The Treasury could significantly boost lending to SMEs by adopting an innovative approach to credit easing.

This is according to a new report by Will Hutton and Professor Ken Peasnell of Lancaster University Management School for the Big Innovation Centre.
 
The paper calls on the Treasury to create Special Purpose Vehicles (SPVs) which would buy high-quality SME debt from banks, enabling originating banks to increase investment in businesses. The new scheme would mean banks could invest less of their own credit in SMEs. And with measures in place to disincentivise risky lending, these investments would be profitable for banks.
 
Will Hutton, co-author of the report said: “This proposal achieves three aims simultaneously. Firstly, it incentivises loan origination with the organisations that have the capacity to screen and monitor loans – banks - by enabling access to the cheapest finance. Secondly, it provides a ready, controllable and easily adjustable means to stimulate economic activity in a targeted way. Thirdly, it creates the conduit for cash created by Quantitative Easing to flow directly into business activity.
 
“These are advantages that other proposals, such as a special SME bond, do not possess. As a result, the government could produce the public good of more contra-cyclical SME lending to stimulate and rebalance the economy at the same time. We estimate the new lending could exceed £15 billion by 2013/14, equivalent to a fiscal stimulus of around 1% of GDP.”
 
The proposal would see Special Purpose Vehicles (SPVs) set up for each participating bank. Unlike securitisation, which facilitated the downturn, these loans would be controlled by tight measures.
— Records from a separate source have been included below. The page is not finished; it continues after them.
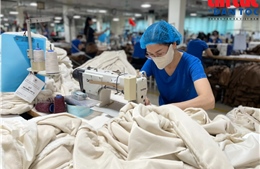 Xuất siêu gần 10 tỷ USD, ngành dệt may tăng tốc chuyển đổi để giữ đà tăng trưởng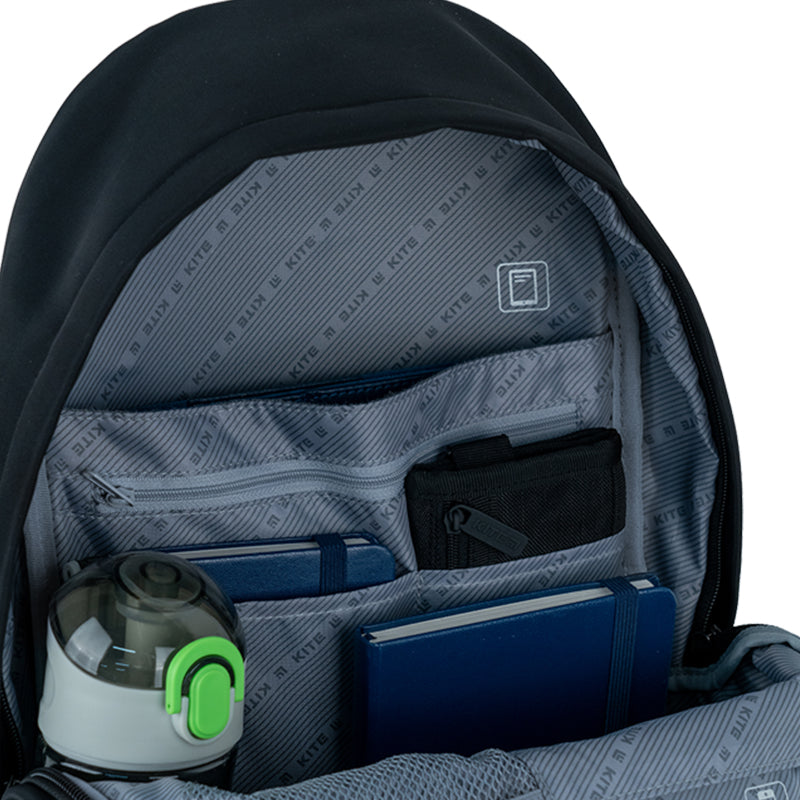 Backpack Kite Education teens K24-910M-2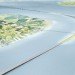 green power island, danish architecture firm, gottleib paludan, green energy storage, clean energy storage, energy storage, how to store energy, hydro energy storage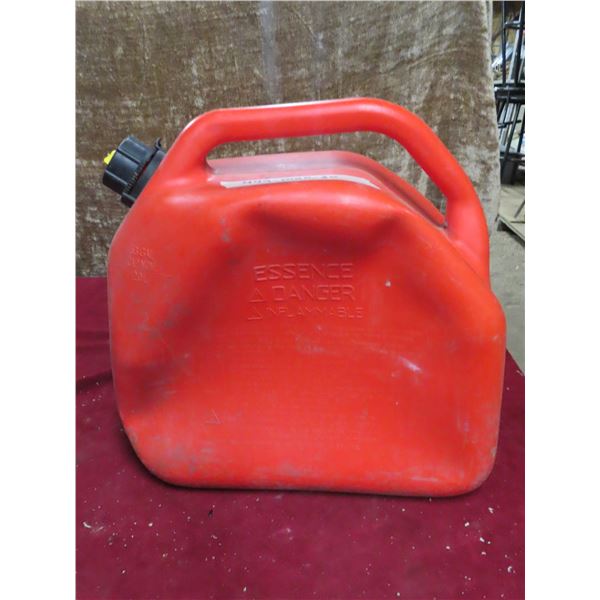 20L jerry can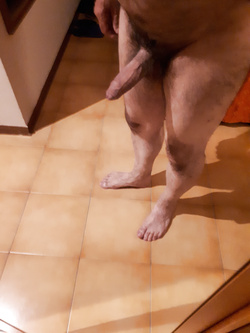 Chi vuole gradire? Parte 2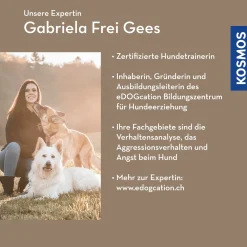 Dein Hund spricht – Videoanalysen zur Körpersprache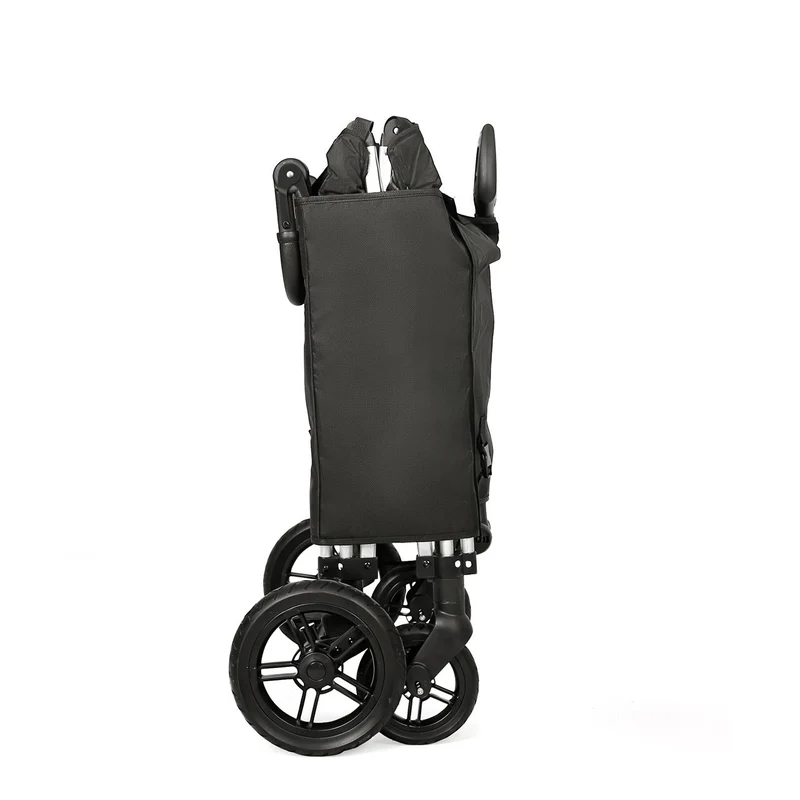 B-WARE FUXLIFE Premium Bollerwagen 4-Sitzer CTXL900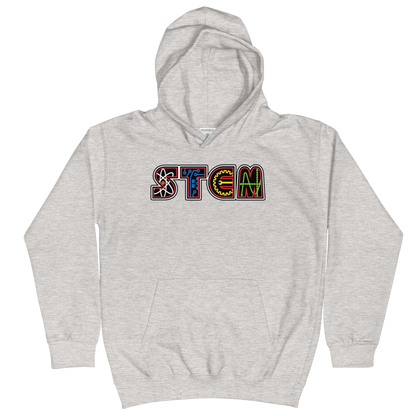 Youth STEM Hoodie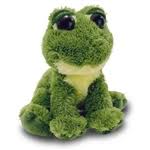 Animal adventure jumbo green frog plush 30 swirl fur floppy large stuffed 2017. Stuffed Frogs And Plush Frogs At Stuffed Safari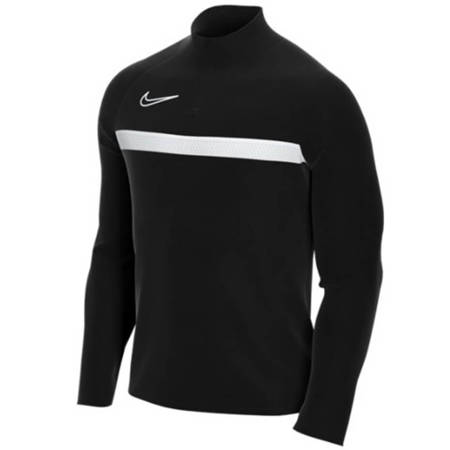 Bluza męska Nike Dri-FIT Academy czarna XXL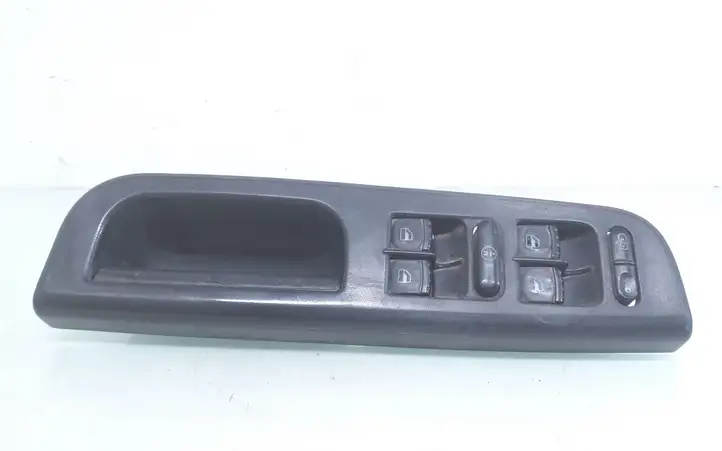 Skoda Octavia Mk1 (1U) (1996 - 2004) 1J4959857A Блок кнопок стеклоподъемников — фото 1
The Treasury would have the power to reign in the process if it felt SMEs were being over-funded – averting the risk of bankruptcy.  In addition, loans from banks to SMEs would carry fewer risks by being subject to normal commercial rules.

This would provide banks with the incentive to carry out proper risk assessments when considering loan applications and to continue to monitor risks when servicing the loans.
 
The report argues that by adopting this proposal, the government could significantly raise levels of investment, innovation and employment in the UK by 2014.
 
The paper, entitled Credit where it’s due: How to revive bank lending to British small and medium sized enterprises, is part of a series of research reports for the Big Innovation Centre, an initiative of The Work Foundation and Lancaster University.